◆ **Assigned task**:
Nothing but the lines from the one containing "5bdrm Duplex in Lekki Phase 1 for rent" through the end of the material should be restated, and each exactly.
══ Records shown
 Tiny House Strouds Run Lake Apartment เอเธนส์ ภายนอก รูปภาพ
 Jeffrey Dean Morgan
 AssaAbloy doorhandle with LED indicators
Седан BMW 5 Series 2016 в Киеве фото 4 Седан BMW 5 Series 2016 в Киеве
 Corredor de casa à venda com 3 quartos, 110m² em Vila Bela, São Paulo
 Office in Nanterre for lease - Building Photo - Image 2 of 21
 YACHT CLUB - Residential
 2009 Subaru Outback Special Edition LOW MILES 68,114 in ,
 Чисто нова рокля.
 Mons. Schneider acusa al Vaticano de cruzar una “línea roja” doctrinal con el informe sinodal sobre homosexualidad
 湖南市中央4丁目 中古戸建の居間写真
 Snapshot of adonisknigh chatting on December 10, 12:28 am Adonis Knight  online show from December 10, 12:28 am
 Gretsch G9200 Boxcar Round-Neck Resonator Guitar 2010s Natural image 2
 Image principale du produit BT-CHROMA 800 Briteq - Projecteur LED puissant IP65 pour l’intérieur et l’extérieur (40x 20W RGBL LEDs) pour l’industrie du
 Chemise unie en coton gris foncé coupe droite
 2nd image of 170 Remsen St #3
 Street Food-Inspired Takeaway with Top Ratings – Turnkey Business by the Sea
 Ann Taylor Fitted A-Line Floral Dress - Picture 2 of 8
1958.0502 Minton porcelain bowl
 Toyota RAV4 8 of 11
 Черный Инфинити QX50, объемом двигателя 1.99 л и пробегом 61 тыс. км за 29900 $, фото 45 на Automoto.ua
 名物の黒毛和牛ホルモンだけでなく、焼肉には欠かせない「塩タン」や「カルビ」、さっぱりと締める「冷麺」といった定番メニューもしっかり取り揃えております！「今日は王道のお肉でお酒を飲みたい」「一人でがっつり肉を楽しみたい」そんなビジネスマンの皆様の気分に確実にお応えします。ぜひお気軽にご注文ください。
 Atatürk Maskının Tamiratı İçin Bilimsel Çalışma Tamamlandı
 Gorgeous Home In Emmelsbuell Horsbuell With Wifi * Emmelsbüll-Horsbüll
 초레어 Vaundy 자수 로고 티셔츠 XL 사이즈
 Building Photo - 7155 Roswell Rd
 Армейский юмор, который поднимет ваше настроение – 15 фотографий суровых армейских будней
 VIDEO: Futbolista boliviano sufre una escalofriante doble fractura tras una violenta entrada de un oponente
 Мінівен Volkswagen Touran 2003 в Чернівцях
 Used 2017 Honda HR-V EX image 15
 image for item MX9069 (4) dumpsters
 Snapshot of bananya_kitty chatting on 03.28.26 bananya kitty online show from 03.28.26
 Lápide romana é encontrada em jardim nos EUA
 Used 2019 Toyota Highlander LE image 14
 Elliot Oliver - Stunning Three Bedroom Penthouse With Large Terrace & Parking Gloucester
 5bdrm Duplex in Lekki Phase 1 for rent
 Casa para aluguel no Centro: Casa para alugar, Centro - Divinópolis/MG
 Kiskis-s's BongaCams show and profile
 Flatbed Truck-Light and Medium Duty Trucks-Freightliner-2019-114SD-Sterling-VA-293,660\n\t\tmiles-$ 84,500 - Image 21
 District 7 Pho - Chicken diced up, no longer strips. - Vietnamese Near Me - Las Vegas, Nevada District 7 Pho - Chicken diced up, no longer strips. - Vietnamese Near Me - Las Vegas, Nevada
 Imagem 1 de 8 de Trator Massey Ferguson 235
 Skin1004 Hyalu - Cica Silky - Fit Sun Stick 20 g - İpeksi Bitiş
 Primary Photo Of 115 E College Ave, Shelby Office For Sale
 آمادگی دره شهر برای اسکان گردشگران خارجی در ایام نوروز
════
◆ **Exercise result**:
 5bdrm Duplex in Lekki Phase 1 for rent
 Casa para aluguel no Centro: Casa para alugar, Centro - Divinópolis/MG
 Kiskis-s's BongaCams show and profile
 Flatbed Truck-Light and Medium Duty Trucks-Freightliner-2019-114SD-Sterling-VA-293,660\n\t\tmiles-$ 84,500 - Image 21
 District 7 Pho - Chicken diced up, no longer strips. - Vietnamese Near Me - Las Vegas, Nevada District 7 Pho - Chicken diced up, no longer strips. - Vietnamese Near Me - Las Vegas, Nevada
 Imagem 1 de 8 de Trator Massey Ferguson 235
 Skin1004 Hyalu - Cica Silky - Fit Sun Stick 20 g - İpeksi Bitiş
 Primary Photo Of 115 E College Ave, Shelby Office For Sale
 آمادگی دره شهر برای اسکان گردشگران خارجی در ایام نوروز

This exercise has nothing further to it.